Ребята знали, о ком говорил он: только что они видели ее на «матане», танцующую как ни в чем не бывало с бойцами.

– Дядь Лень! А разве нет других девчат? – сказал Мишка. – Да плюнь ты на нее!

– Эх, ты несмышленыш! – с горечью улыбнулся тот. – Не на все можно плюнуть… Рад бы, да…

И снова все замолчали. Лежали и слушали звуки летнего вечера. Можно подумать, что и войны нет: разливается ливенка, «страдают» девчата, слышится веселый молодой смех. Но вот в уши вполз чужеродный монотонный звук: высоко в небе над селом пролетали немецкие бомбовозы.

Алексей и ребята слезли с сеновала и вышли наружу. Немного погодя на востоке вспыхнули осветительные «люстры» и раздались глухие взрывы – немцы бомбили в городе железнодорожный узел.

– Вот, сволочи! – сказал Мишка.

– Погоди, накопят наши силенок – отлетаются, – отозвался Алексей. – Ну, пойдемте на сеновал, спать будем.

Залезли снова на сено, тесно прижались друг к другу. На Крестах смолкла гармонь.
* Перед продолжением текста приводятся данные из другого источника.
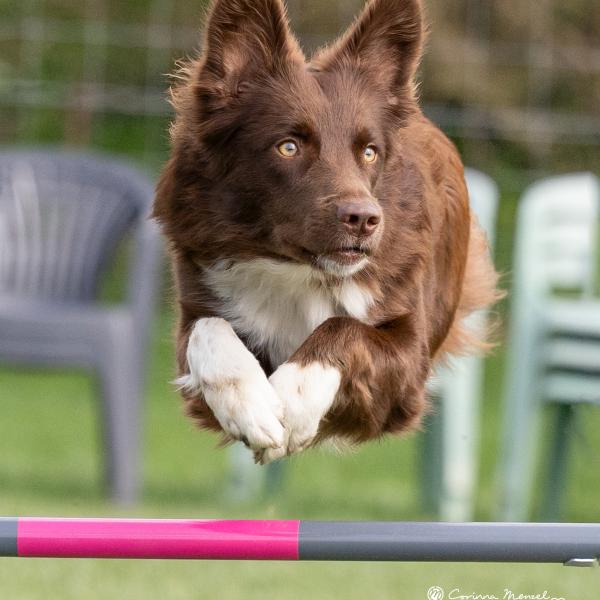 Fun Agility 2.25.2, feste Gruppe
…Едва забрезжил рассвет, Венька потихоньку сполз с сеновала и крадучись вышмыгнул за дверь. Все у него было продумано еще с вечера. Придя на конный двор, он разыскал у амбара дегтярку и припустился по пустынному проулку к дому Кланьки Голосенки. Когда-то он слышал, что если девушка изменяет парню, то мажут дегтем ворота ее дома, навечно покрывают ее черным позором.
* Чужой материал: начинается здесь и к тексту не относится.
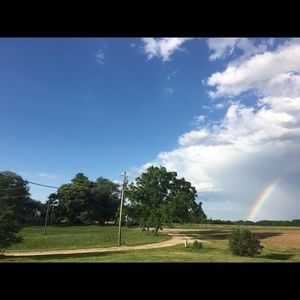 Meet your Posher, Ginger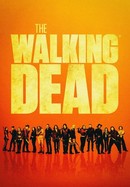The Walking Dead poster image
Венька взял дегтярку и плеснул из нее на ворота: вот тебе, предательница, за Алексея! Тут же зашвырнул дегтярку в густую крапиву…

В тот день Кланька не вышла на ток. Люди посудачили по поводу измазанных ворот да утихомирились. И только Алексей все ходил пасмурный и осунувшийся с лица. Завидев на току Мишку с Венькой, укоризненно покачал головой:

– Эх, ребята, ребята!..

В бригаду привезли из района локомобиль – паровую машину, похожую на маленький паровозик. Он должен был заменить лошадей, приводящих в движение молотилку. Ребята были в восторге от невиданной доселе новинки. Пока приезжий специалист, седоусый дядька, в замасленном комбинезоне, устанавливал на току и налаживал локомобиль, они успели потрогать и пощупать все: и блестящие медные трубочки, и привинченный к паровому котлу манометр, и лоснящиеся от масла округлые бока машины, заглянули и в толку с чугунными колосниками.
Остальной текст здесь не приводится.